End to end tests are great for catching connectivity bugs though.




UIs tend to have a ton of connectivity and little logic/computation.


An added benefit of using unit tests over integration tests is that unit tests shows you what went wrong very clearly. If an integration test fails I have literally no idea where to start hunting for the bug. It could be located at any level in the stack.

I highly recommend this brilliant talk by J.B Rainsberger on how integration tests are a scam: https://vimeo.com/80533536


If you don't have that much time to write tests I'd recommend integration tests. Then at least you have some tests. Treat integration tests as smoke tests. If there is smoke then you can start looking for the fire. Integration tests are always better then no tests at all. At least they tell you there is a fire even if it is vague in telling you where it is.

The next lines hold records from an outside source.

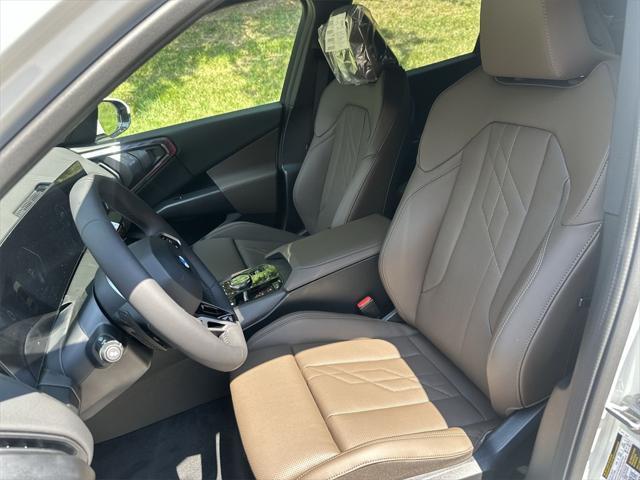 new 2025 BMW X3 car, priced at $54,725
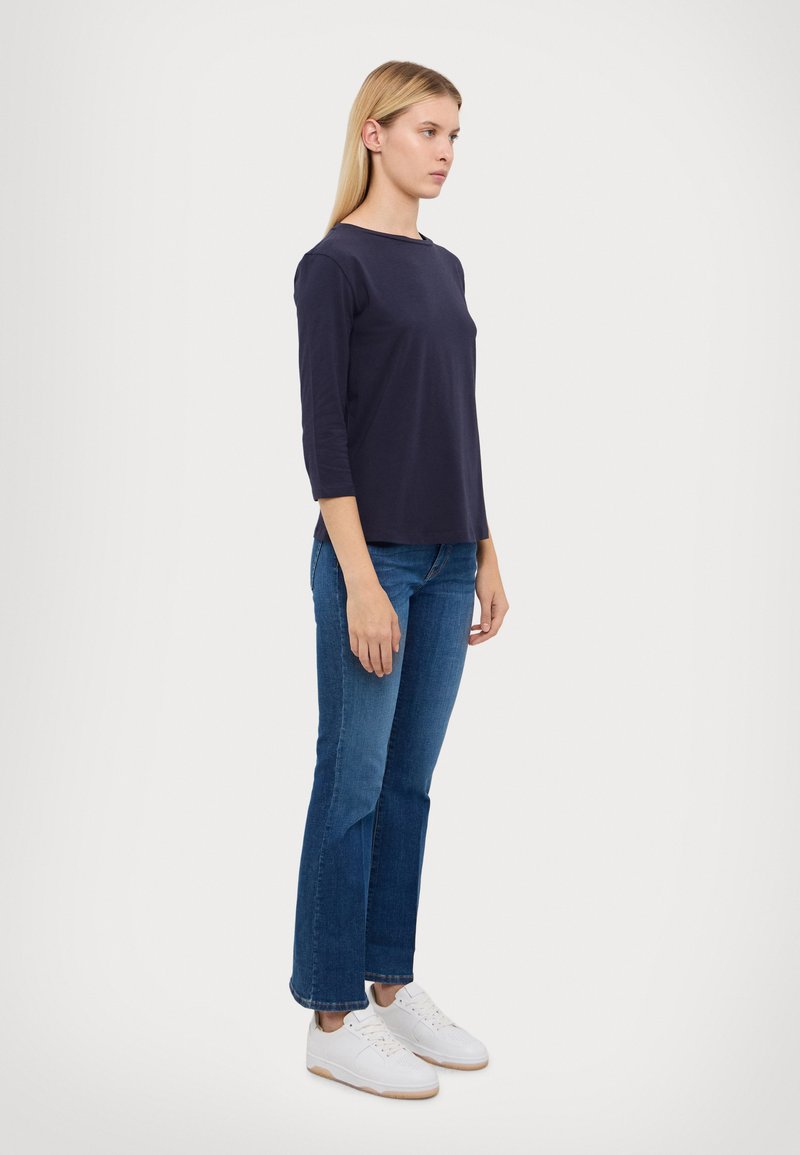 WEEKEND MaxMara MULTIA - Long sleeved top - blu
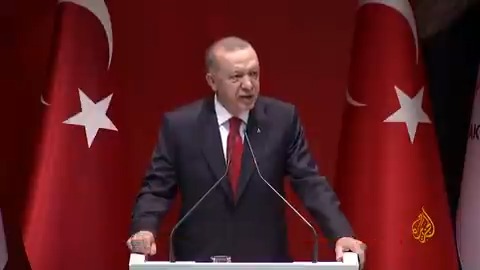 "حاولوا مرارا سحق بلدنا".. أردوغان يتهم أطرافا لم يسمها بمحاولة زعزعة أمن واستقرار تركيا عبر استهداف الاقتصاد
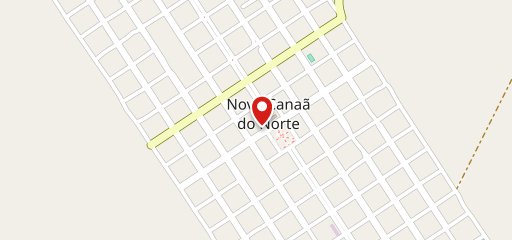 Espetaria sabor da carne no mapa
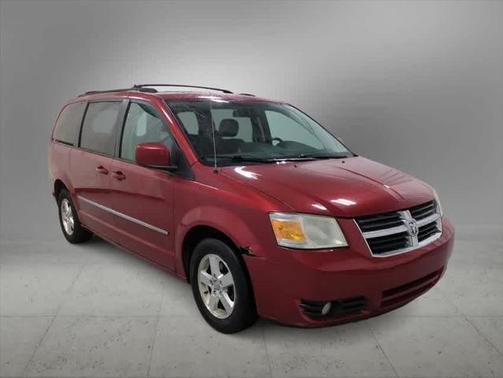 2010 Dodge Grand Caravan SXT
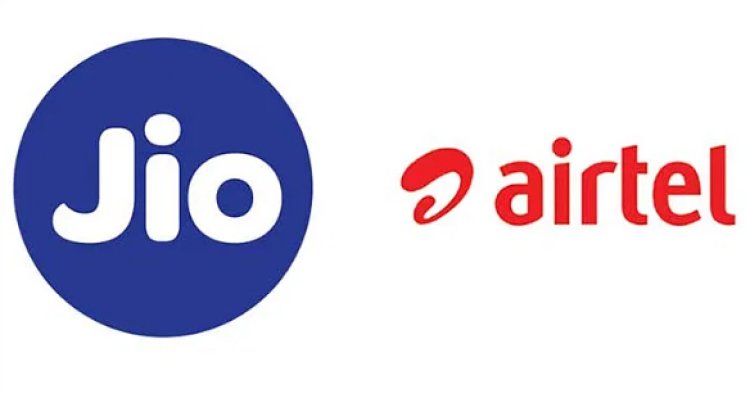 Jio, Airtel exchange Valentine's banter with 'red flags,' 'exes' jest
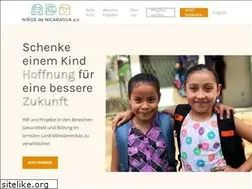 Sites similar to ninosdenicaragua.de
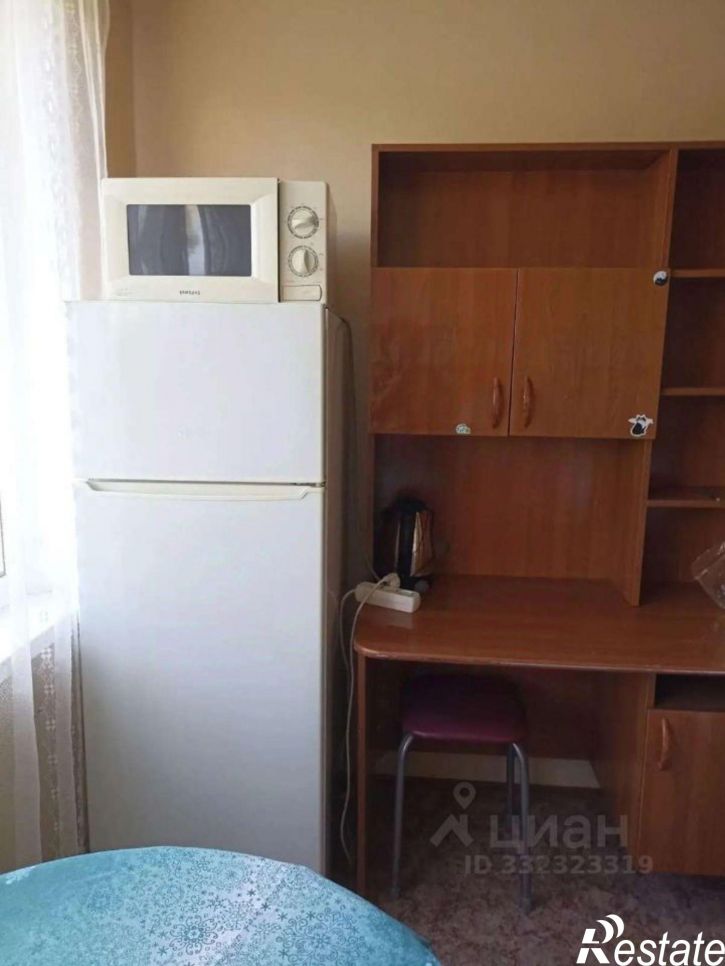1-комн квартира ул им. Атарбекова, 29,  д. 29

As someone who always writes unit tests before any production code, I don't know how I would have the time to not write tests. It drives the design and reduces time debugging by a ridiculous amount. I work with information systems though, might be different for other fields.


Since I've switched to a language with a richer type system (Scala) I've found a lot of what I used to do with unit tests can go into the type level instead (see e.g. http://spin.atomicobject.com/2014/12/09/typed-language-tdd-p... - but in Scala the techniques are a lot less verbose to apply).


I am most familiar with Javascript & Python, but I think you're onto something having fiddled with Java for 6 months or so. Some logic obviously can't be replaced with only a rich type system, but a lot can.